# Spring Autowired



## MQue (7. Okt 2009)

Hallo,

hätte noch eine (wahrscheinlich einfache) Frage zu @Autowired, und zwar kann man die Annotation @Autowired nur in einer Klasse benutzen, welche selbst im Spring- Container als bean definiert und deklariert wurde (hört sich jetzt während des schreibens ziemlich logisch an, bin mir aber nicht sicher), also:

In einer Klasse (in meinem Fall einem Servlet), welche nicht als bean für den Spring- Container deklariert wurde (was ja auch nicht geht, da es sich um ein Servlet handelt und dieses vom z.B.: Tomcat instaniert wird), kann man auch kein @Autowired benutzen.

Sehe ich das richtig so? 
lg


----------



## mvitz (7. Okt 2009)

Kurz und knapp: Ja 

Wie du bereits sagtest, kann Spring natürlich nur Spring Beans injecten, wenn auch das Objekt, in das injeziert werden soll von Spring gemanaged wird.


----------



## MQue (7. Okt 2009)

habi55 hat gesagt.:


> Kurz und knapp: Ja
> 
> Wie du bereits sagtest, kann Spring natürlich nur Spring Beans injecten, wenn auch das Objekt, in das injeziert werden soll von Spring gemanaged wird.

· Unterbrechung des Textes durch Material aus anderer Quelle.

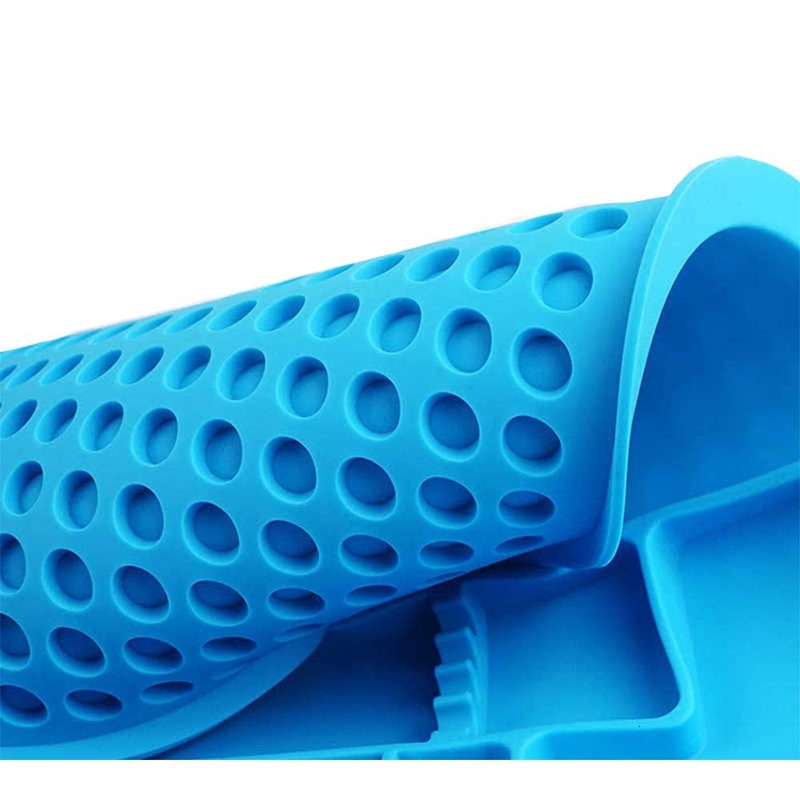 پد لحیم کاری ریلایف مدل RL-004M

Habs befürchtet, ich brauche nämlich in meinem Servlet eine Instanz auf eine bean, wie kann man das am Besten machen, 
Gibt es eine Möglichkeit, aus einem Servlet heraus mittels Spring auf eine Instanze einer Klasse zuzugreifen, welche als bean im Spring- Container deklariert wurde?
Ich kann ja das Servlet nicht als bean im Spring- Container deklarieren!!??

Vielen Dank,
lg


----------



## byte (7. Okt 2009)

Wozu brauchst Du Servlets, wenn Du Spring benutzt? Du kannst ein DispatcherServlet konfigurierern, dass dann alle anfragen an Spring Beans delegiert.


----------



## mvitz (7. Okt 2009)

Hättest du vermutlich aber auch eben google können  ("get spring bean from servlet")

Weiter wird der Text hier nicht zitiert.